How cute a swarm of ladybugs!!!

 

In Australia there are a whole list of insects, that are highly venimus and not so cute, but most of them are North of Sydney and don't make it down as far as Melbourne!Spiders.jpg

Peter0
Level 10
London, United Kingdom

My feeling is that really bad guests are fewer than 1% but perhaps 5-10% are guests I don't want to see again.  They all get thumbs down from me (does Airbnb actually do anything with the thumbs down?).  John, like you I know immediately if they are going to be trouble!  The worst is when they sulk or pout but say nothing until they pour out mean thoughts in their reviews.

John0
Level 2
Helsinki, Uusimaa, Finland

@Peter0 i agree it is around 1% who aren't good guests and less than 10% who I don't want to host again for any reasons. I think airbnb should put those stars on guests also are remove stars from hosts also. 

Maxine0
Level 10
Brighton, United Kingdom

@John0 @Peter0 - one of the most common themes about issues arising with guests is the fact that they simply do not take the time to read the detail - whether the descriptive and miss vital things such as it's a room in a private home, or an apartment where the host lives above (as in my case) etc etc and therefore most times disappointment guests feel is their own vision of what they thought they were paying for and the reality of what they get -

Most often it is the airbnb 'first-timers' who take the least time to read details. I lose count of the amount of guests who say can I park outside - when the opening line of my listing includes 'traffic-free' street. Guests even contact me when enroute and ask me for the address -  so they haven't even bothered to read the itiniary and have set off without even looking up the address or how to get here. Daft or what?

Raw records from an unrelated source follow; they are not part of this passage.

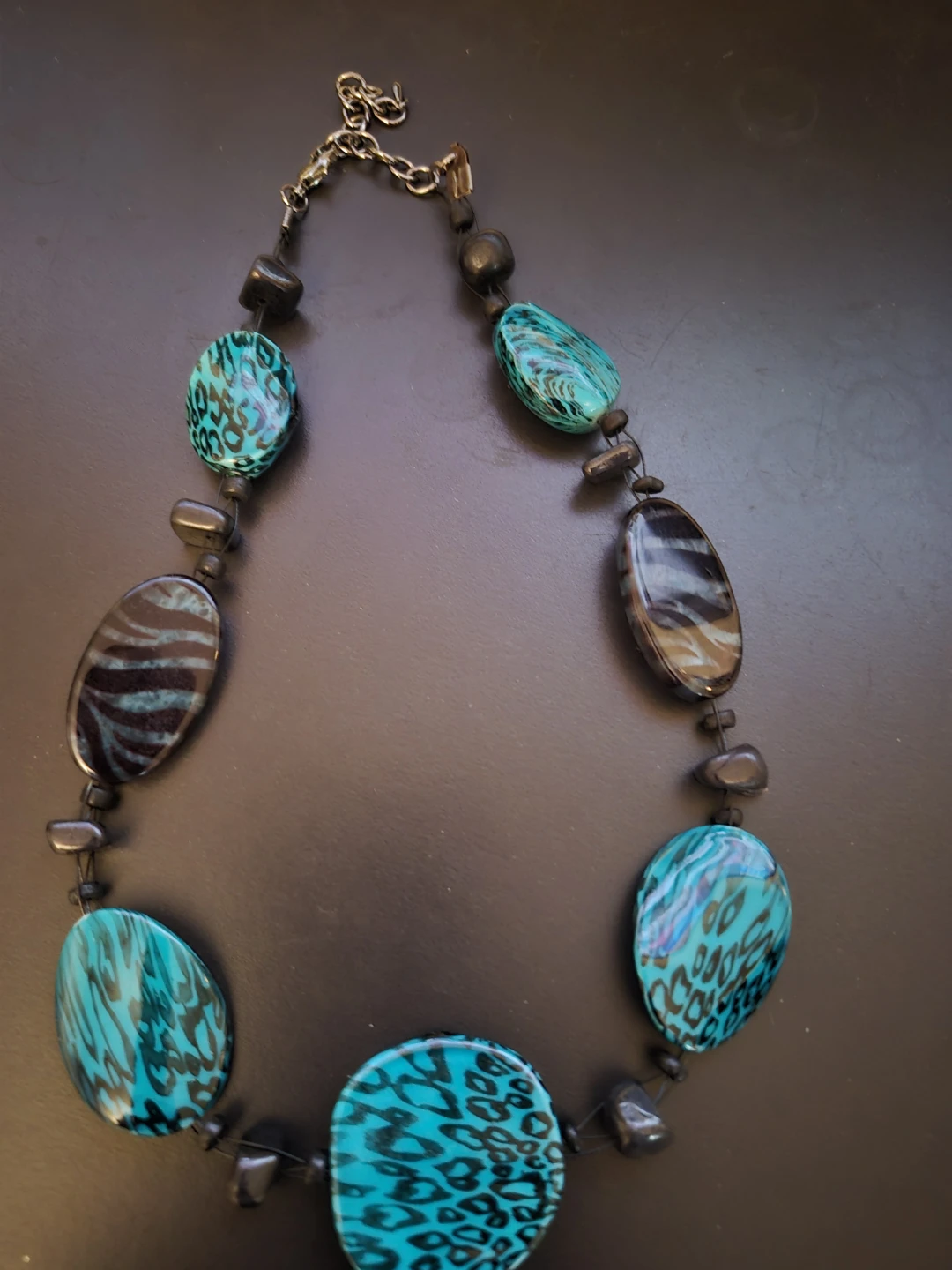 Turquoise and Black Patterned Beaded Statement Necklace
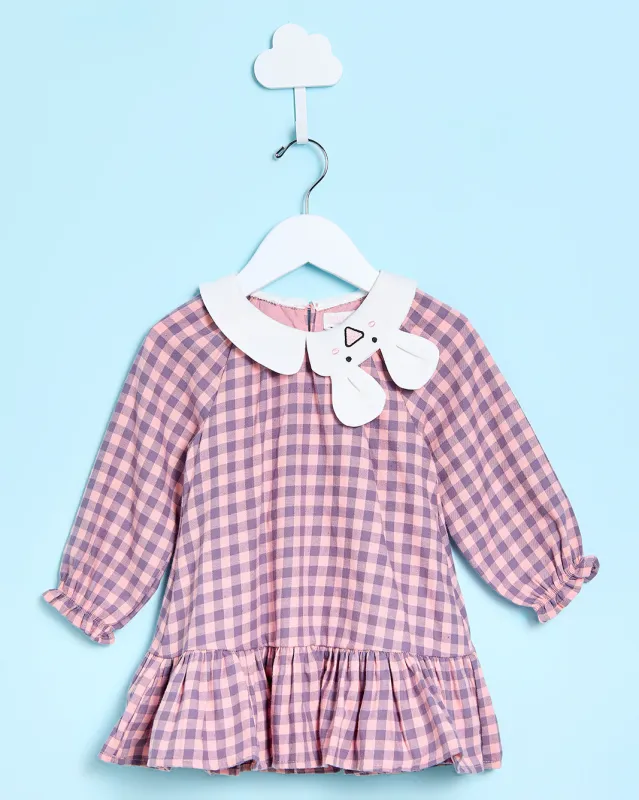 Infant Girls Pink Checkered Dress sold by Redtag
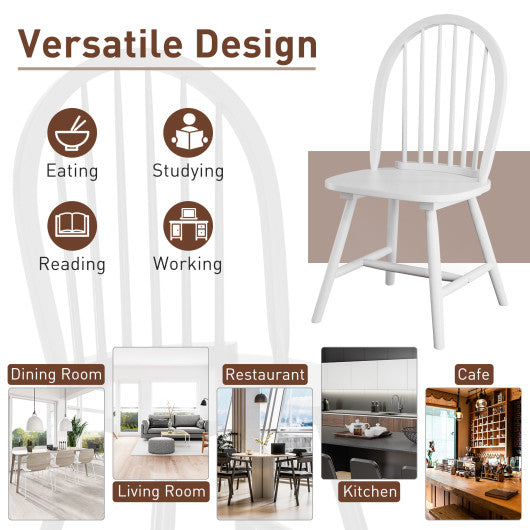 Costway Set of 2 White Vintage Windsor Wood Chair with Spindle Back for Dining Room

Guests rarely say anything to your face - but instead might make a comment in a review or give you poor star rating much of it based on their own lack of attention to detail. I am lucky to live in a superb location and tend to get 5 stars across the board - location, communication, cleanliness, accuracy and then a 4 star for value (despite parking vouchers, free wifi, free breakfast provisions, own come and go as you please entrance/exit, free use of own kitchen, high quality everything) which simply means, we loved everything but we'd like to have it even cheaper despite it already being 50% cheaper than a hotel in the same area without all the extras. go figure!

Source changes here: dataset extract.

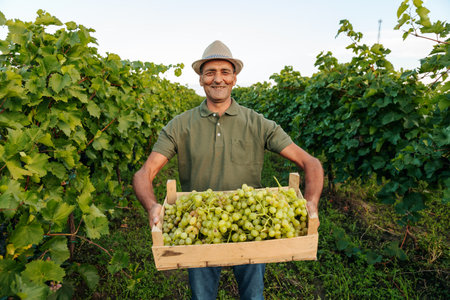 Front view elderly farmer winegrower worker man in a hat stands with box full of grapes in his hands and tired. Background large grape plantation in nice clear sunny weather.の写真素材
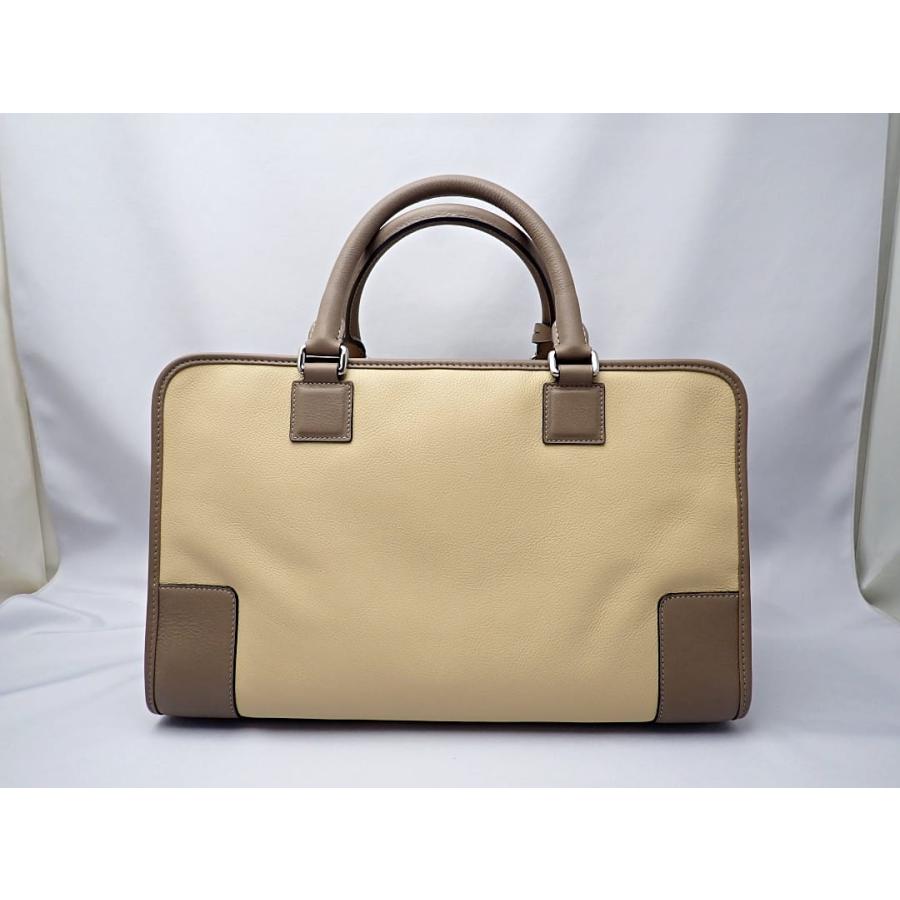 良品 LOEWE ロエベ アマソナ 36 ハンドバッグ バイカラー ブラウン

But if the stats are est 1% unpleasant guests, 4 to 5% we wouldn't welcome back for a variety of reasons - then it's not at all a bad average.

 

Addressing your original question John - if a guest is behaving badly in situ, you just need to have a quiet word and ask them not to do whatever it is that's irking you. Reviews work both ways - and as others have said, hosts can read between the lines. In a similar conversation a host suggested a host code such as simply stating XYZ stayed at my property for X days in X month, X year - simply as a warning to other hosts that you are not recommending the guest, there were issues but not ones of significant damage etc to warrant saying anything else.

 

I have used that once but it was a guest that never left a review anyway (I knew they wouldn't anyway as the reason for use of stating the dates only was due to their very selfish nature, lack of consideration like going out every night and leaving every single light on and leaving my place dirty beyond reason)

 

So perhaps we need to spread the word amongst hosts to just state the dates they stayed as a signal that the guests were not very considerate or respectful. What do you think?